| Task prompt |
Please repeat exactly the lines below from the one containing "TRIXIE Natura Flat" down to the one containing "Black and white photo", both included, and nothing else.

[Short web captions]
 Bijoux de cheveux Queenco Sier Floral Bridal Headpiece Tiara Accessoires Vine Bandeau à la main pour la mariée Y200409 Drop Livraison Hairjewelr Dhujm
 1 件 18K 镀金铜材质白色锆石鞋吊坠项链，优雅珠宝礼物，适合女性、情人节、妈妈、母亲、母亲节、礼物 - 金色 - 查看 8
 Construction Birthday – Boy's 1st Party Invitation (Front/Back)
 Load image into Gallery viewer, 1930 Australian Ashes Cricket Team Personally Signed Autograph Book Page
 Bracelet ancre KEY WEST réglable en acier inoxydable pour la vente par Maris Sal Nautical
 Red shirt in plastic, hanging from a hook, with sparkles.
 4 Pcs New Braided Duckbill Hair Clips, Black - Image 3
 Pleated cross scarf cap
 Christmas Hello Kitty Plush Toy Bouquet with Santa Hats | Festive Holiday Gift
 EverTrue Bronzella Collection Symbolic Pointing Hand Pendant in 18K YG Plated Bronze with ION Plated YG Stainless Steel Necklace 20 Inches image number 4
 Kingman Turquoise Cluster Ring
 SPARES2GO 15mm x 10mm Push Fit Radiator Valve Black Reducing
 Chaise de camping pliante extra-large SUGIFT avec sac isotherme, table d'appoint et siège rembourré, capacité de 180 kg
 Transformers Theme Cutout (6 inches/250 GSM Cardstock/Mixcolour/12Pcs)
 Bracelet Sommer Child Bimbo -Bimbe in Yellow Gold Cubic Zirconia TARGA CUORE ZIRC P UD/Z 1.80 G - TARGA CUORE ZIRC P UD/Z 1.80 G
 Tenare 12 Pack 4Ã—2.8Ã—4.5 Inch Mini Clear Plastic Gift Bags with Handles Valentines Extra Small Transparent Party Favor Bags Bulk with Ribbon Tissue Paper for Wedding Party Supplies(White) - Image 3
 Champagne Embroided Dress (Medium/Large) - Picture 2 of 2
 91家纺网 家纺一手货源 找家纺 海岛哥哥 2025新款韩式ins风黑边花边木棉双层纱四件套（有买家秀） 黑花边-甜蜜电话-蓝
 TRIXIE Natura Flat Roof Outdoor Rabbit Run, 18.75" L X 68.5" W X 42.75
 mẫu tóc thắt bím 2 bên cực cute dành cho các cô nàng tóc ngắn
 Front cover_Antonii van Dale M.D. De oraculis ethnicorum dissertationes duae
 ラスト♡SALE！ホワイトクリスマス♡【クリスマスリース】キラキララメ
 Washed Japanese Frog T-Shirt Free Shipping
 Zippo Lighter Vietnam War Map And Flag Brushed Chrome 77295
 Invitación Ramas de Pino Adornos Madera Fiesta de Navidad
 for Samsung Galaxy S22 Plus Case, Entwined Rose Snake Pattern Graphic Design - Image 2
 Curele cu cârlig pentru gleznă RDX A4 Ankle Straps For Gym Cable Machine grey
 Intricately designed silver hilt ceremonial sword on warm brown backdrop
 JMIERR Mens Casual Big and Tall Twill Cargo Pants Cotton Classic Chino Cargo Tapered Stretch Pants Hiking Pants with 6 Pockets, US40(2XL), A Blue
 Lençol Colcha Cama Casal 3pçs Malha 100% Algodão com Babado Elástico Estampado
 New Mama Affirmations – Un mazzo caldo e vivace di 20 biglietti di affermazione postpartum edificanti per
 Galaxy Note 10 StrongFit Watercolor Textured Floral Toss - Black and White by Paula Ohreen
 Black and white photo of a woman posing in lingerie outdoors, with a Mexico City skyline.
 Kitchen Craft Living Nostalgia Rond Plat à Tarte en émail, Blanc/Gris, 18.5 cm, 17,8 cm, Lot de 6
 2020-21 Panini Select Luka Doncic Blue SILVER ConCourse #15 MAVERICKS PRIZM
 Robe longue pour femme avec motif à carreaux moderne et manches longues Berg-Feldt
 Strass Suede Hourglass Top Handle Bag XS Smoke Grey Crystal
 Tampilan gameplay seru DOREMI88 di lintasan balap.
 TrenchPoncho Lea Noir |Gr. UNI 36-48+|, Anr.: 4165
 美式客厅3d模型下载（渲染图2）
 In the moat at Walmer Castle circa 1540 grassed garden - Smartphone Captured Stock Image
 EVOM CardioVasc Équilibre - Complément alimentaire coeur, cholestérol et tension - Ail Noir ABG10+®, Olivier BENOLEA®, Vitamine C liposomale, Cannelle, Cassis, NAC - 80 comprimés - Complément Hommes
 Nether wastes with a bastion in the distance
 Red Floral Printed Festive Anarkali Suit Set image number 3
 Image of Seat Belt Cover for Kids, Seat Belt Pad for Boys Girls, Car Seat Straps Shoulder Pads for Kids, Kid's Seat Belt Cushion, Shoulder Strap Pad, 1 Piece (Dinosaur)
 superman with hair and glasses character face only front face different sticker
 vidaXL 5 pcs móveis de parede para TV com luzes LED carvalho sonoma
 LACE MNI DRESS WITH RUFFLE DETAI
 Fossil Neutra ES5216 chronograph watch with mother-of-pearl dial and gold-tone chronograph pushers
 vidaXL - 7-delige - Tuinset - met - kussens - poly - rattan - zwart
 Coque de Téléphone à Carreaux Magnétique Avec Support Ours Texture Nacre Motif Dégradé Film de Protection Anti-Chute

| Solution for this problem |
 TRIXIE Natura Flat Roof Outdoor Rabbit Run, 18.75" L X 68.5" W X 42.75
 mẫu tóc thắt bím 2 bên cực cute dành cho các cô nàng tóc ngắn
 Front cover_Antonii van Dale M.D. De oraculis ethnicorum dissertationes duae
 ラスト♡SALE！ホワイトクリスマス♡【クリスマスリース】キラキララメ
 Washed Japanese Frog T-Shirt Free Shipping
 Zippo Lighter Vietnam War Map And Flag Brushed Chrome 77295
 Invitación Ramas de Pino Adornos Madera Fiesta de Navidad
 for Samsung Galaxy S22 Plus Case, Entwined Rose Snake Pattern Graphic Design - Image 2
 Curele cu cârlig pentru gleznă RDX A4 Ankle Straps For Gym Cable Machine grey
 Intricately designed silver hilt ceremonial sword on warm brown backdrop
 JMIERR Mens Casual Big and Tall Twill Cargo Pants Cotton Classic Chino Cargo Tapered Stretch Pants Hiking Pants with 6 Pockets, US40(2XL), A Blue
 Lençol Colcha Cama Casal 3pçs Malha 100% Algodão com Babado Elástico Estampado
 New Mama Affirmations – Un mazzo caldo e vivace di 20 biglietti di affermazione postpartum edificanti per
 Galaxy Note 10 StrongFit Watercolor Textured Floral Toss - Black and White by Paula Ohreen
 Black and white photo of a woman posing in lingerie outdoors, with a Mexico City skyline.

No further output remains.